Posted by fabriziogiudici on November 24, 2009 at 9:13 AM PST

The scoop of these days is the “climagate” - a hacker stole and then published on the web a bunch of e-mail messages and documents from a British university and those documents allegedly affirm, among other things, that some data sets used to proof the Anthropogenic Global Warming (AGW) have been “massaged” way beyond the legit terms. Depending on the country you live in, you'll find a widely variable coverage in the media: for instance, many newspapers in US and UK quoted the news while, mysteriously, in Italy almost no one did (with a few exceptions) - but there are ongoing discussions on specialized blogs.

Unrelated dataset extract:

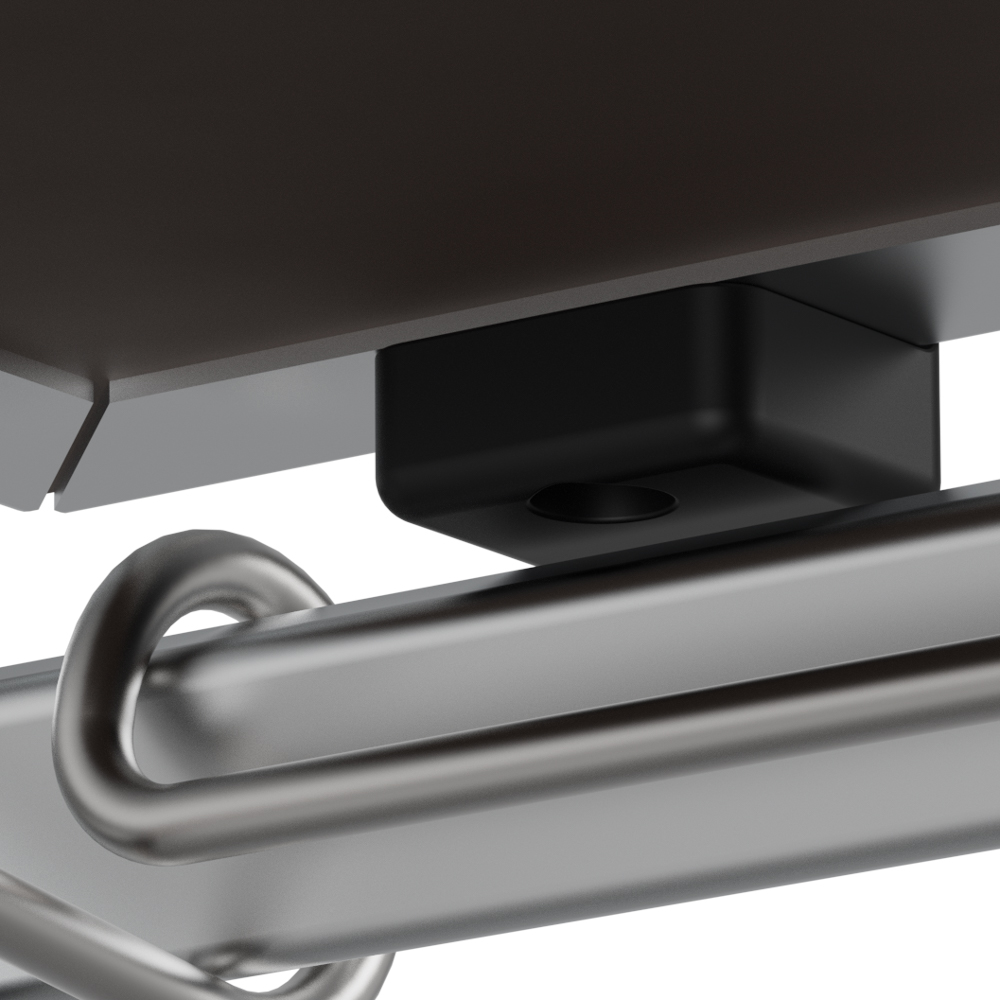 PIRL SHERPASCOPIC 8-10M GC LISSES TRAVAIL 4.30M - TUBESCA COMABI - 02272952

This blog is not competent on climatology, but there is a detail related to the software world that surprised and intrigued me. Part of the discussions focuses on a piece of software that was used to post-process some empirical data to produce one of the commonly used AGW-related datasets; in the source code of the software a few comments allegedly reveal some “massaging” bad practices.

Being those comments true or false, properly interpreted or not, the basic point is that - as far as I understand - this piece of software is available to public analysis for the first time today, and because it has been stolen. This is appalling: some of the basic principles of science are peer-review and the fact that everybody should be able to reproduce an experiment or a process used to get to some assertions. Scientific data should be open as well as the software used to process them - as everyone with a bit of math experience knows, the wrong processing technique (in bona or mala fide) can easily transform data into garbage. The need for transparency is even more evident in a debate that is taking the world by storm and is conditioning huge parts of the world development and environmental policies.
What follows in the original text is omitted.